Could you copy exactly the line that contains "a bathroom with" and every line after it to the end of the records, and nothing more?

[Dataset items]
• • • • • • •
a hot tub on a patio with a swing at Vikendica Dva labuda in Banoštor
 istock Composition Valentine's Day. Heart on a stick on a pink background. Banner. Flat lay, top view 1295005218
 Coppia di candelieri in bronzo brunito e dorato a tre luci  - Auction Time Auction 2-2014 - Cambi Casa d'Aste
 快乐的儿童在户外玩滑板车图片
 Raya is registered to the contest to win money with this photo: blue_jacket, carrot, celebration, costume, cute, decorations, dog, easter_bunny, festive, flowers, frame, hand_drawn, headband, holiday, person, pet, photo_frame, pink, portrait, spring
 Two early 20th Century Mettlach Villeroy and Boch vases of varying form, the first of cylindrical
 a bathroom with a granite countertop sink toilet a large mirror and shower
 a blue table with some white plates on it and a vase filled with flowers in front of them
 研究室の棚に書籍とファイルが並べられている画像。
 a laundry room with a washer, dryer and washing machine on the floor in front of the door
• • • • • • •
_Task result:_
 a bathroom with a granite countertop sink toilet a large mirror and shower
 a blue table with some white plates on it and a vase filled with flowers in front of them
 研究室の棚に書籍とファイルが並べられている画像。
 a laundry room with a washer, dryer and washing machine on the floor in front of the door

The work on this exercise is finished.